━━━━━ TASK INPUTS ━━━━━

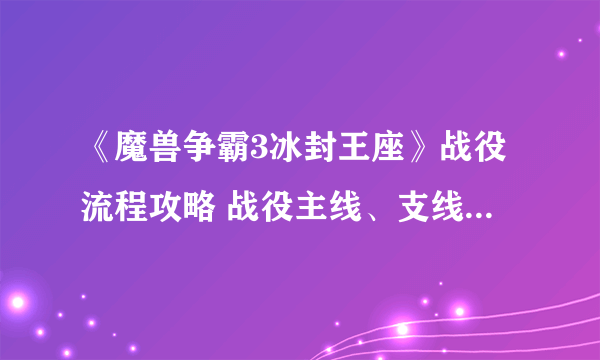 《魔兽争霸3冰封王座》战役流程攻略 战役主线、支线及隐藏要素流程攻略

━━━━━
━━━━━ TASK INPUTS ━━━━━

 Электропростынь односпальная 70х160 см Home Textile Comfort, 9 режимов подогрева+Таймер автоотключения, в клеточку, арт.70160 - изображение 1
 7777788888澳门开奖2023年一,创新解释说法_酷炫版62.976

━━━━━

## WORK INSTRUCTIONS
From the data above, return every line from the line that has "Электропростынь односпальная 70х160" up to and including the line that has "7777788888澳门开奖2023年一,创新解释说法_酷炫版62.976", exactly.

## REPLY
 Электропростынь односпальная 70х160 см Home Textile Comfort, 9 режимов подогрева+Таймер автоотключения, в клеточку, арт.70160 - изображение 1
 7777788888澳门开奖2023年一,创新解释说法_酷炫版62.976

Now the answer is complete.